DGL claims "There are 0-in-degree nodes in the graph" when there are none

Hi there. I used a piece of code from other post on the forum to remove isolated nodes. You can see a printscreen of a small graph after isolated nodes have been removed. It seems to not have any 0-in-degree nodes as DGL claims.

When I try to perform training with this graph DGL outputs:

File “/home/gudeh/.local/lib/python3.10/site-packages/dgl/nn/pytorch/conv/gatconv.py”, line 254, in forward
raise DGLError('There are 0-in-degree nodes in the graph, ’
dgl._ffi.base.DGLError: There are 0-in-degree nodes in the graph, output for those nodes will be invalid. This is harmful for some applications, causing silent performance regression. Adding self-loop on the input graph by calling g = dgl.add_self_loop(g) will resolve the issue. Setting allow_zero_in_degree to be True when constructing this module will suppress the check and let the code run.

I am using the same model definition as the PPI example (class GAT), although I have to add “allow_zero_in_degree=True” for the code to work.

From the documentation on GATconv it should be bad for training to have 0-in-degree nodes, so I would like to not have them, if possible.

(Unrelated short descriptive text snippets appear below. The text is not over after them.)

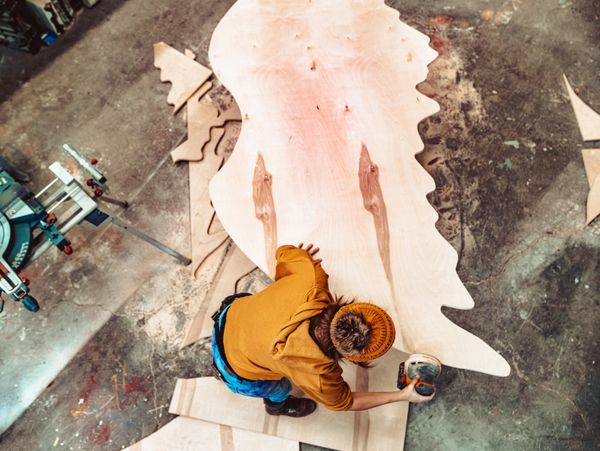 Person sanding a large wooden wing-shaped piece in a workshop.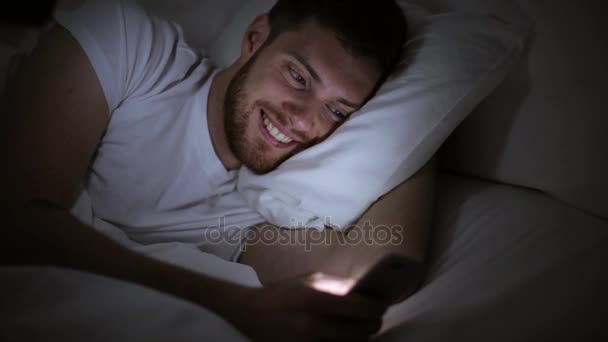 Mladý muž s chytrým telefonem v posteli v noci — Stock video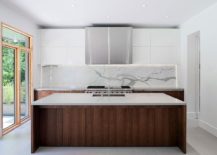 Contemporary-kitchen-in-white-with-wooden-lower-cabinets-island-and-a-marble-backsplash-217x155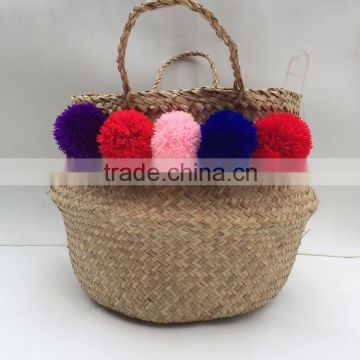High quality best selling eco-friendly Natural seagrass baskets with color pompoms from Vietnam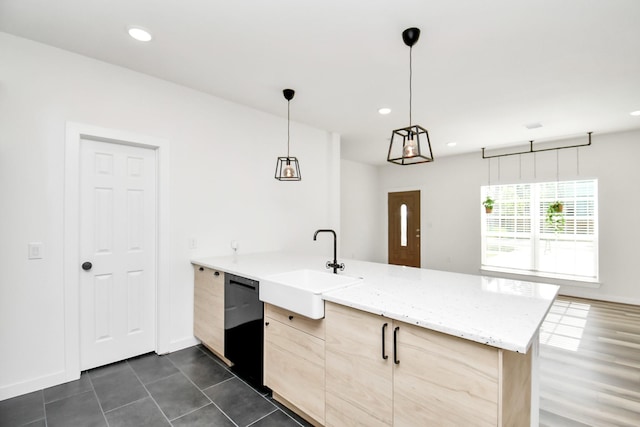 kitchen featuring sink, black dishwasher, decorative light fixtures, kitchen peninsula, and light brown cabinets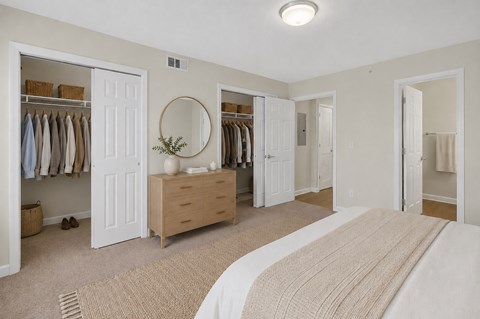 A bedroom with a large bed and a closet with clothes hanging.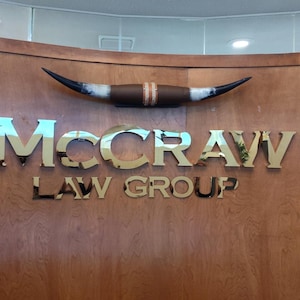 May include: A wall-mounted sign featuring the text "McCRAW LAW GROUP" in polished gold-toned metal letters. Above the text is a decorative longhorn steer horn mount. To the left, a vertical sword-shaped emblem is integrated into the wood paneling.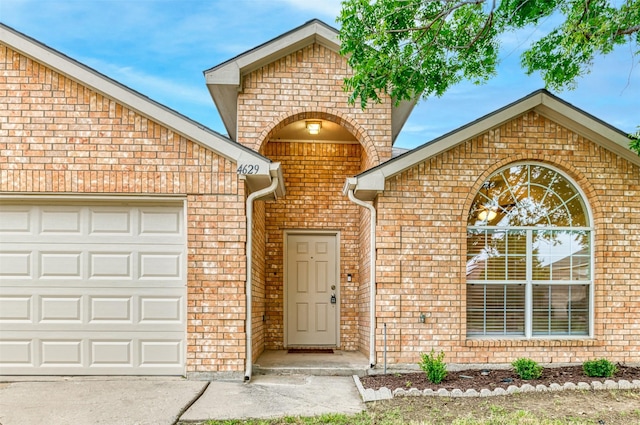 view of exterior entry featuring a garage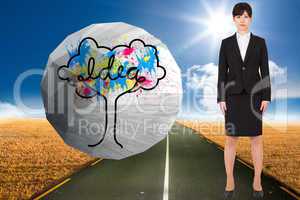 Composite image of serious businesswoman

What can I do?

class GAT( nn.Module ):
	def __init__( self, in_size, hid_size, out_size, heads ):
		super().__init__()
		self.gat_layers = nn.ModuleList()
		print("\n\nINIT GAT!!")
		print("in_size:", in_size)
		print("hid_size:", hid_size)
		for k,head in enumerate( heads ):
			print("head:", k,head)
		print("out_size", out_size)
		self.gat_layers.append( dglnn.GATConv( in_size, hid_size, heads[0], activation=F.elu, allow_zero_in_degree=True ) )
		self.gat_layers.append( dglnn.GATConv( hid_size*heads[0], hid_size, heads[1], residual=True, activation=F.elu, allow_zero_in_degree=True ) )
		self.gat_layers.append( dglnn.GATConv( hid_size*heads[1], out_size, heads[2], residual=True, activation=None, allow_zero_in_degree=True ) )

	def forward( self, g, inputs ):
		h = inputs
		for i, layer in enumerate( self.gat_layers ):
			h = layer( g, h )
			if i == 2:  # last layer 
				h = h.mean(1)
			else:       # other layer(s)
				h = h.flatten(1)
		return h

Hi, there are indeed zero in-degree nodes in the graph, e.g., node 4, 6, 3. Although they do have out-edges, they won’t receive any messages from in-neighbors.

1 Like

Alright! I was confusing 0-in-degree with isolated nodes (when a node has both 0-in and 0-out degrees).

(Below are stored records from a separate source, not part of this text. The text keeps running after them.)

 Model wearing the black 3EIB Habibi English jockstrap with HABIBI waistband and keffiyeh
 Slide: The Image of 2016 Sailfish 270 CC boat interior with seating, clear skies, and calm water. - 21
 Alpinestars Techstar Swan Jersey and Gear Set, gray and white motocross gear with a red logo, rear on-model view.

Either way, I would like to know if it is ok for training to happen properly on DGL with a graph such as this. I will always have nodes with 0-in-degree OR 0-out-degree on the graphs that I have. Since I am working with logic circuits, and the circuit inputs will never have any in-degrees and circuit outputs will never have any out-degrees.

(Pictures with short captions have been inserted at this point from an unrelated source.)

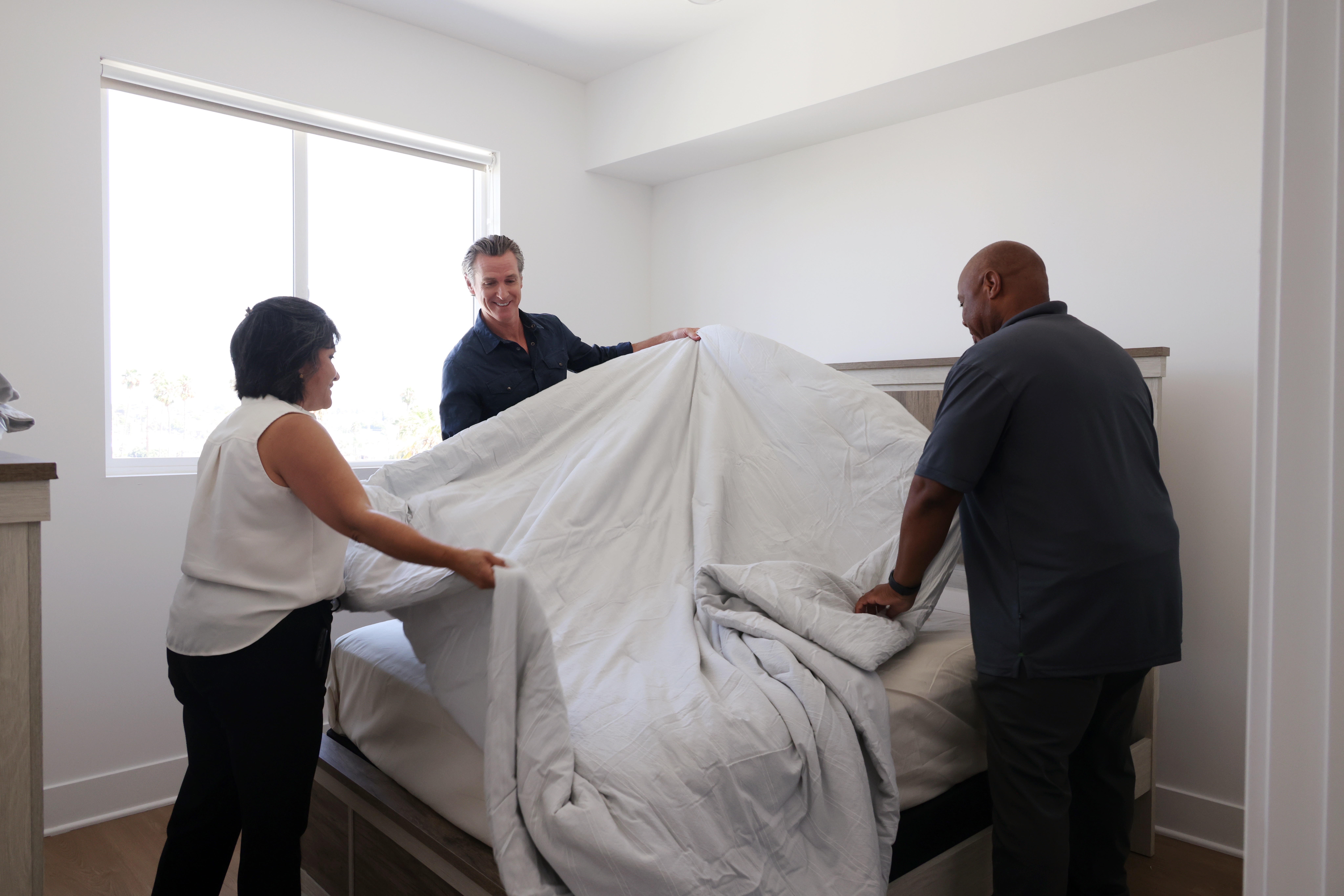 Gavin Newsom helps volunteers make a bed.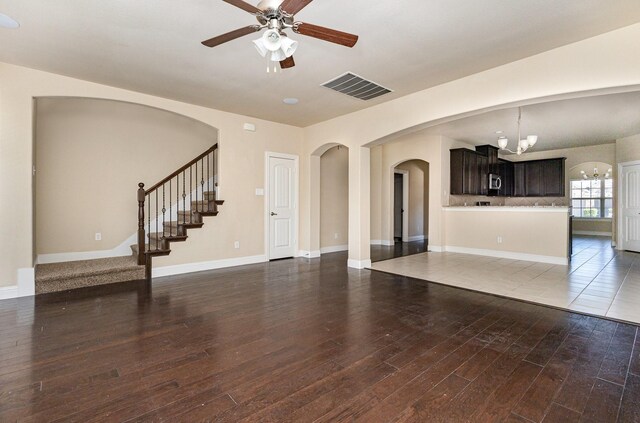 kitchen with appliances with stainless steel finishes, sink, backsplash, light stone counters, and dark brown cabinets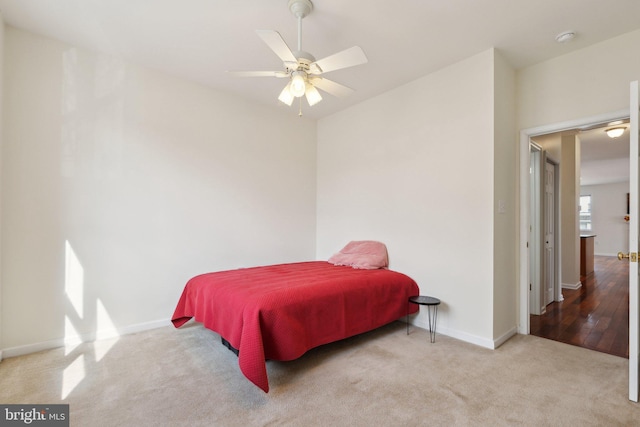 bedroom featuring carpet floors, baseboards, and a ceiling fan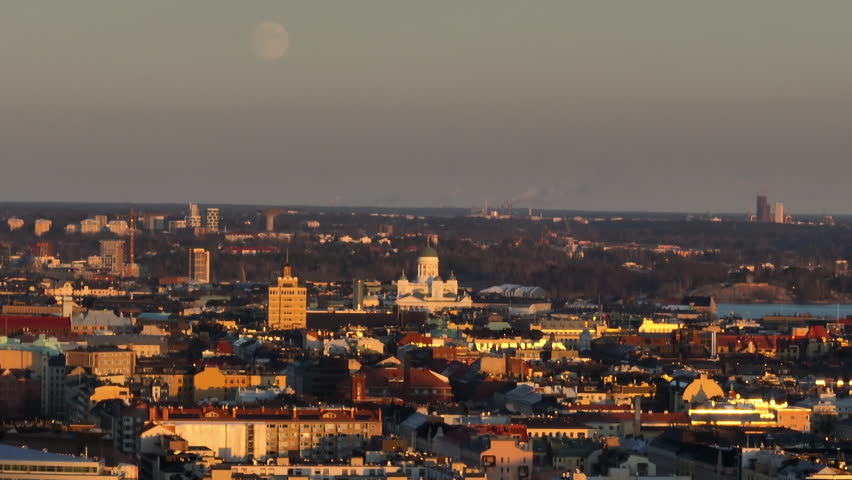 Aerial view around the cathedral and the city, sunset with the moon in Helsinki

That being said, I have some open questions:

  1. Do I have to add self loops because of 0-in-degrees and 0-out-degrees noeds? It seems to be the case from this forum discussion.

  2. Is adding self loops the same as setting “allow_zero_in_degree=True” in the model definition?

  3. Is it possible that including self loops may compromise learning?

  4. Is it possible that “allow_zero_in_degree=True” may compromise learning?

There are two common practices: adding self loops and adding reverse edges. In many cases, it is beneficial to collect information from out-neighbors (e.g., in your example, node 3 will then know it has an out-neighbor node 13 which connects to many other nodes). To keep edge directions, you could try assigning them with different initial features or mark the original edges and the added reverse edges with different relations, which turns to a heterogeneous graph.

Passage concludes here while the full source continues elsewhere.